*** Opening Data under study ***
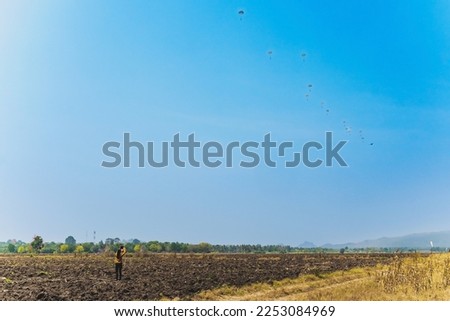 Back view of woman takes video clips and photo with tablet and watch with worry and concern during parachute training from airplane for army cadet in field with parachute and landscape in background.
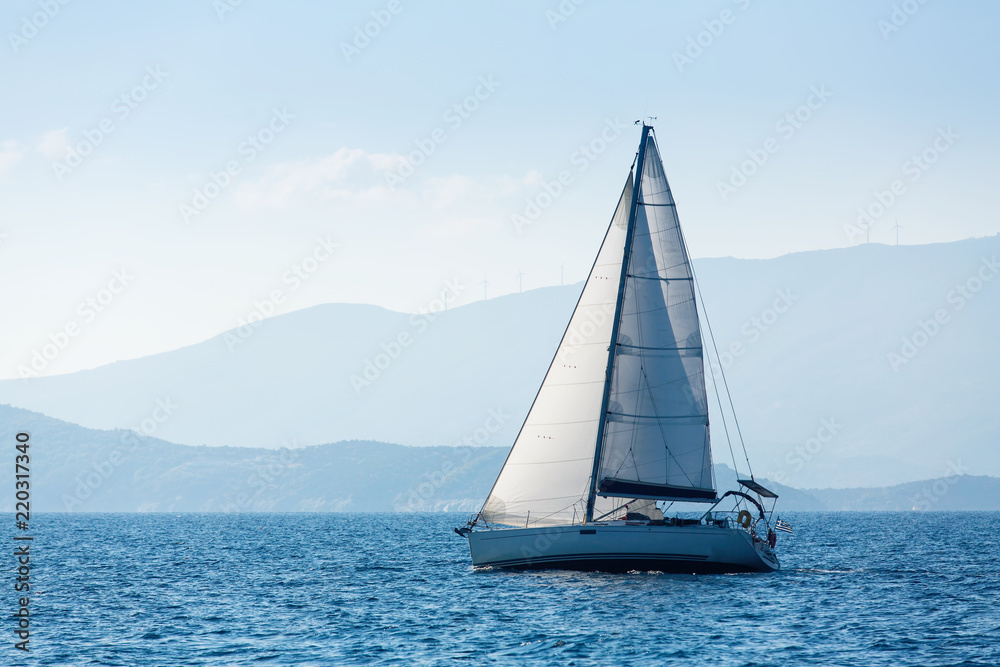 Greece sailing yacht boat at the Sea. Luxury cruise yachting.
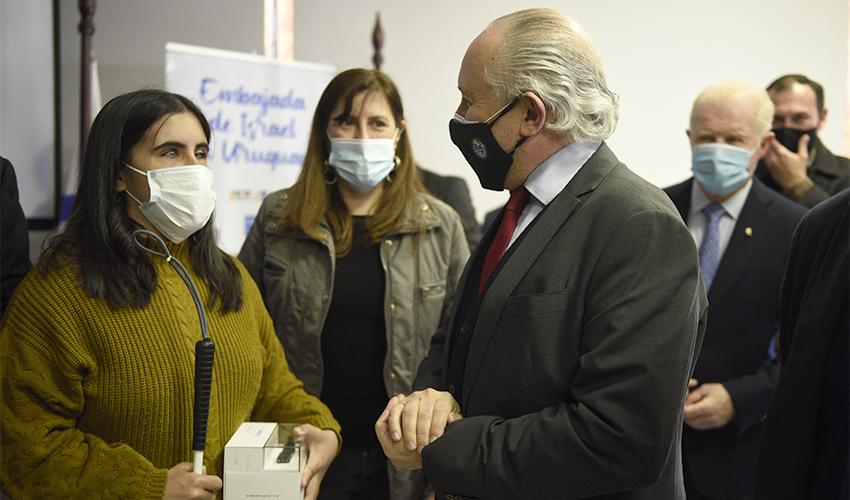 Ministro de Educación y Cultura, Pablo da Silveira con una beneficiaria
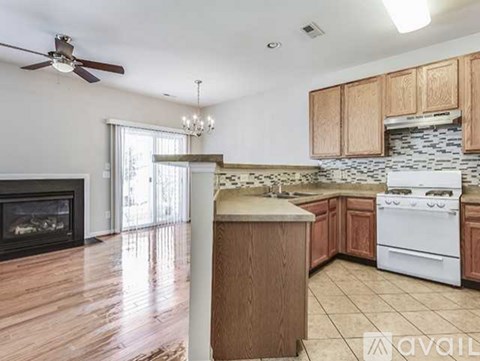 A kitchen with a white stove and wooden cabinets.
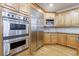 Close up of kitchen stainless steel appliances and wood cabinets at 2883 Thurleston Ln, Duluth, GA 30097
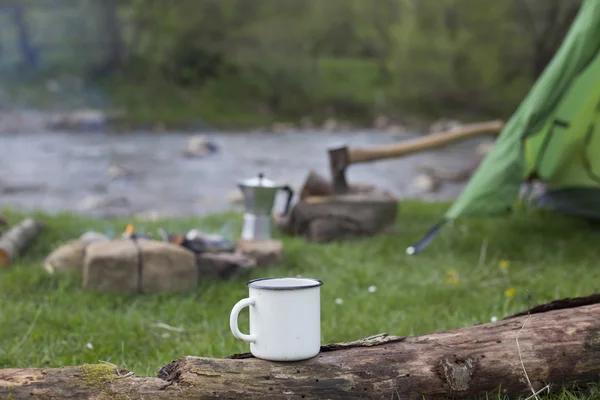 Mug stands on a log near the fire at a campsite. — Stock Photo, Image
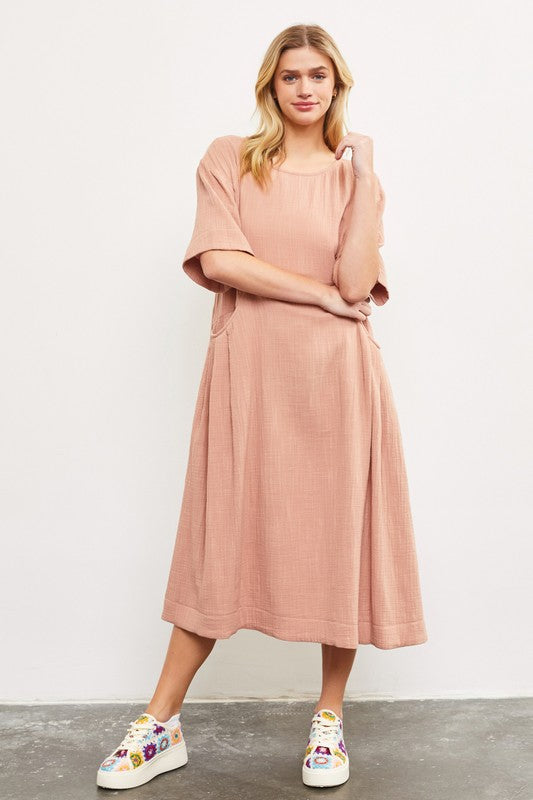 Woman wearing a blush pink cotton midi dress with side pockets.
*** Closing Data under study ***
*Problem to work on*
Do not include the pictures. Quote only the lines from the line with "A kitchen with" through the end of the material, both ends included, exactly.

*Solution for this task*
 A kitchen with a white stove and wooden cabinets.
 Close up of kitchen stainless steel appliances and wood cabinets at 2883 Thurleston Ln, Duluth, GA 30097
 Mug stands on a log near the fire at a campsite. — Stock Photo, Image
 Woman wearing a blush pink cotton midi dress with side pockets.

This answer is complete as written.